You make a virtue from what could be a handicap: a small bar counter. Your bet is to cook pintxos at the time.
The secret of making good pintxos is, for me, to cook them at the moment. We have the tavern divided in two partes: on the right side, we serve the pintxos of anchovy, salmon, octopus, smoked sardine, beef jerky, shrimp with vinaigrette…we serve between eight and ten pintxos there, toasting the bread at the moment. You have to wait 3 minutres, but you get a fresh pintxo, and that makes the difference. Inside the kitchen we have an already prepared basic recipe, but we also assemble the pintxos at the moment. Some people get nervous waiting, but then they see the difference too.
The potato omelette is another one of your signature dishes
We used to make one a day, and now we do five. 3 in the morning and 2 in the afternoon. They are big, we make 30 pintxos from each. We never thought about it in a marketing way, but it’s true however that having a limited number works, because it raises expectation.
How easy is finding a good product?
After so many years, it happens that our suppliers have became our friends. Since we started, Cárnicas Goya bring us the meat. I call Josean directly, and chops the meat for us. We also have lunch together once or twice a year, to agree on what we can improve, or what we can change. The same with our fishmonger, who is Ivan Sotero. We have moved to friendship, and he always tries to find the way to help us. In fact, there are times when some different supplier comes to us offering the same product but somewhat cheaper. Buy I don’t wan’t to lose the relationship with a provider who takes care of us. An this applies to all vendors, as if he’s the toilet soap provider. It’s two-way loyalty.
In view of space limitations in the bar, team coordination must be essential.
We do not only retain loyal to suppliers, we also retain employees. This is a good place to work, because we close Sundays and Holidays, which helps to have staff stability. Nobody leaves here.
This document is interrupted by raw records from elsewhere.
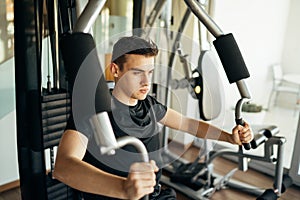 Young man doing fitness exercises on home gym chest press machine.Making an effort and training for fit toned summer body shape.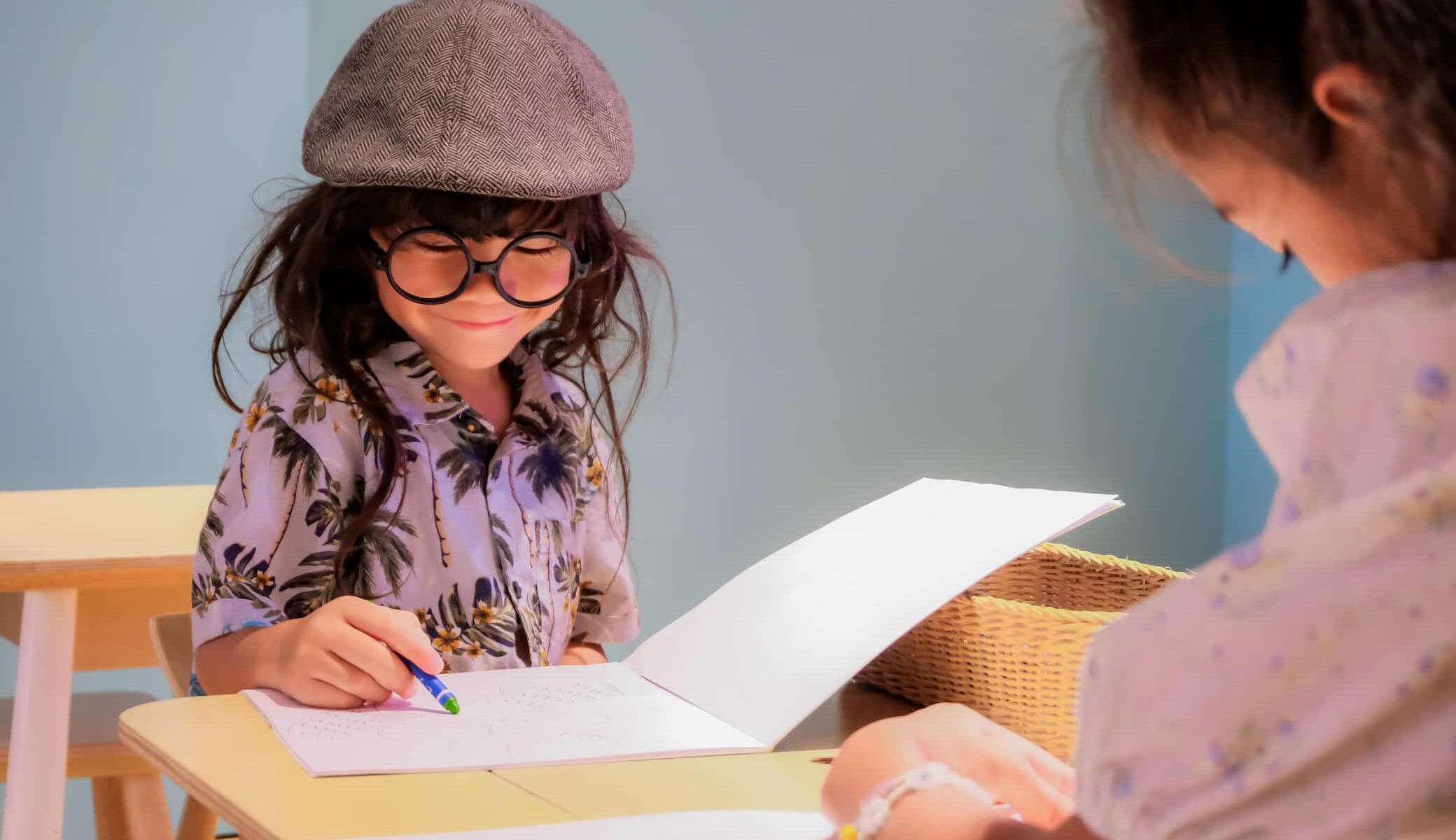 Child enjoying a coloring book activity at the hotel kids club.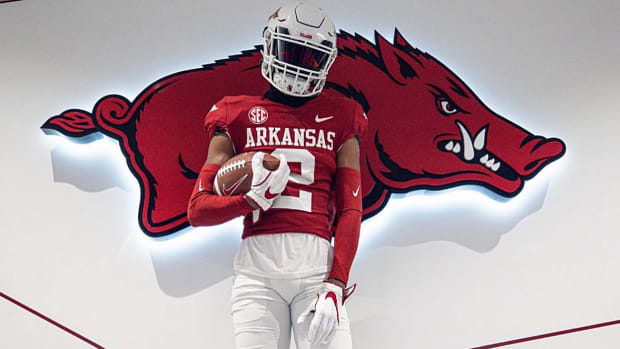 Arkansas recruiting target Selman Bridges, a Top 50 recruit out of Texas, poses with a football in an Arkansas uniform.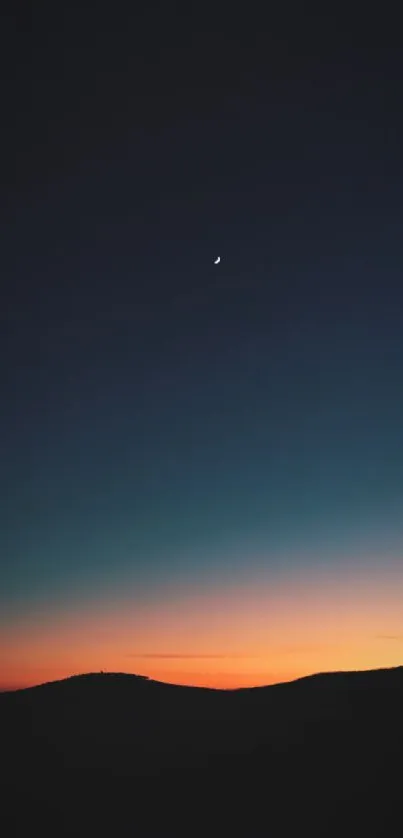 Calm sunset over hills with a navy blue sky.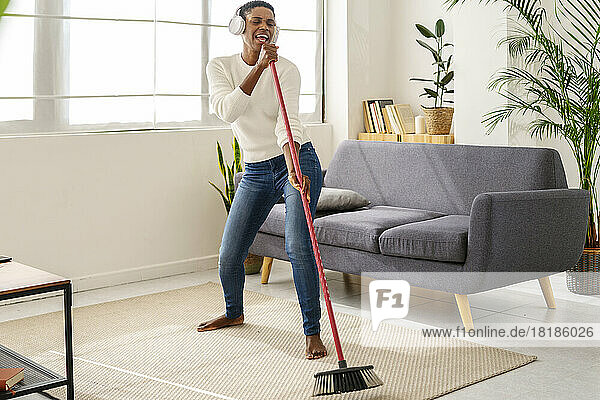 Carefree woman sweeping the floor and listening to music with headphones at home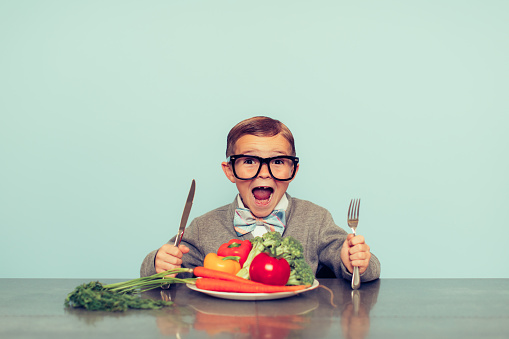 A young nerd boy with glasses is excited to eat his vegetables. He is sitting at a table and has an excited expression on his face. 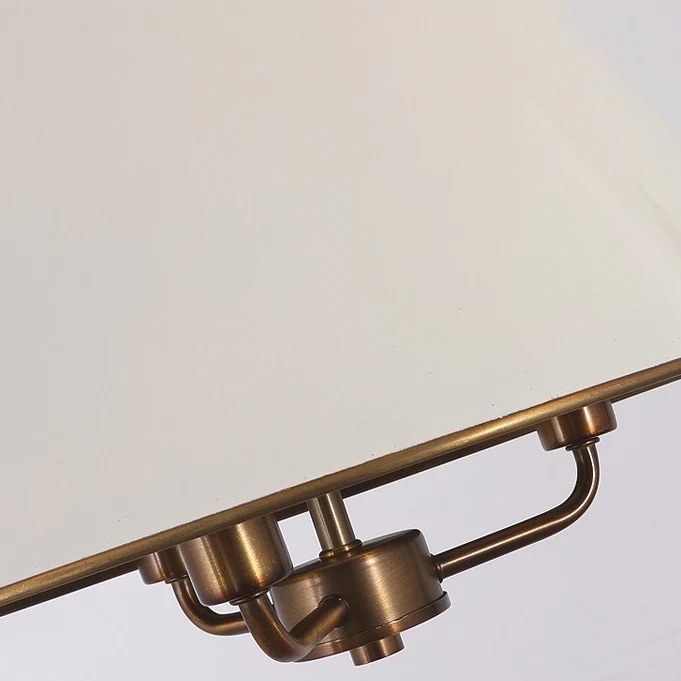 Witte lampenkaprand met messing details.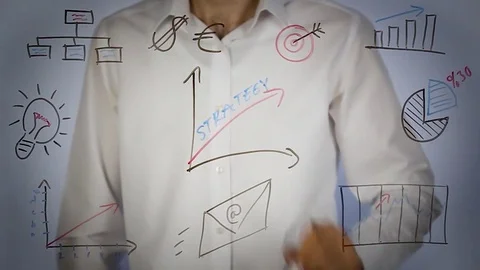 Man drawing growth chart and writing strategy on transparent screen Stock Footage 81637363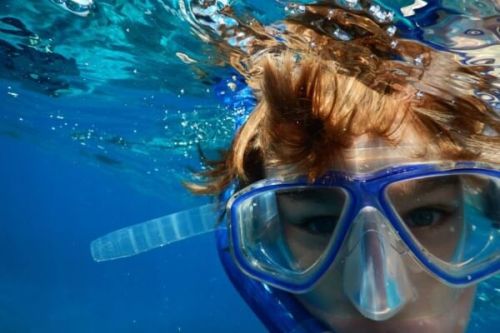 Un garon faisant du snorkeling avec masque et tuba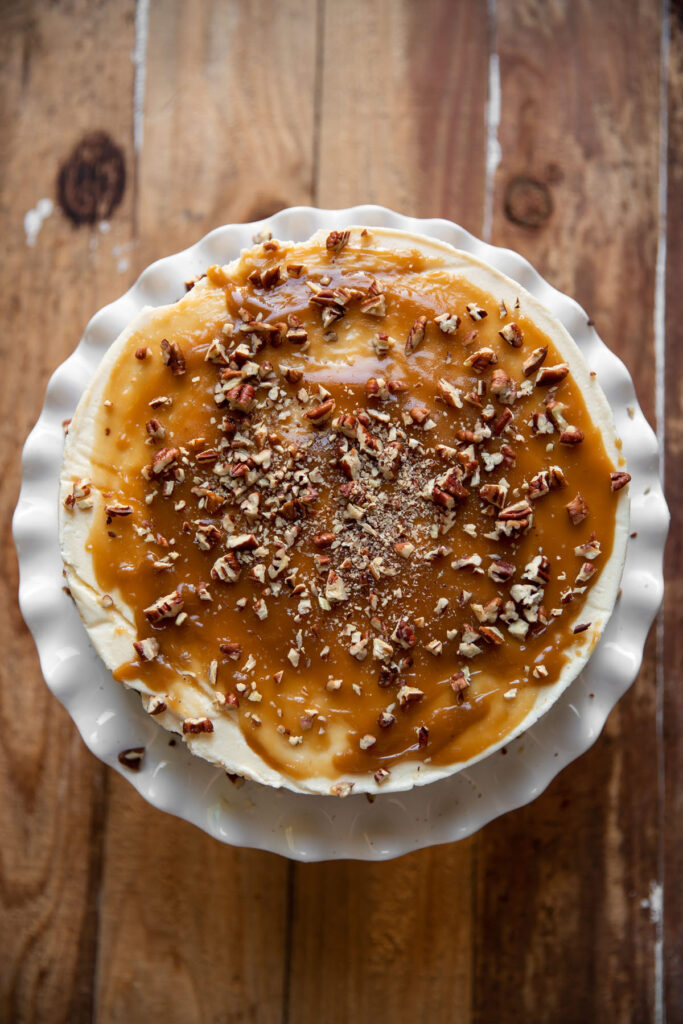 Cheesecake layered between chocolate cake and salted caramel with pecans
How many workers are you on the staff?
We’re 10.
Will you arrange any special celebration to mark your 25th anniversary?
That will be difficult, because we have taken over the Barandiaran tavern, and we want to open it for Easter next year. We will try to organize it in the same way as Antonio bar’s, but more spacious and with a terrace. And keeping our stress level in mind, I think it doesn’t give us time to run anything for our 25th aniversary.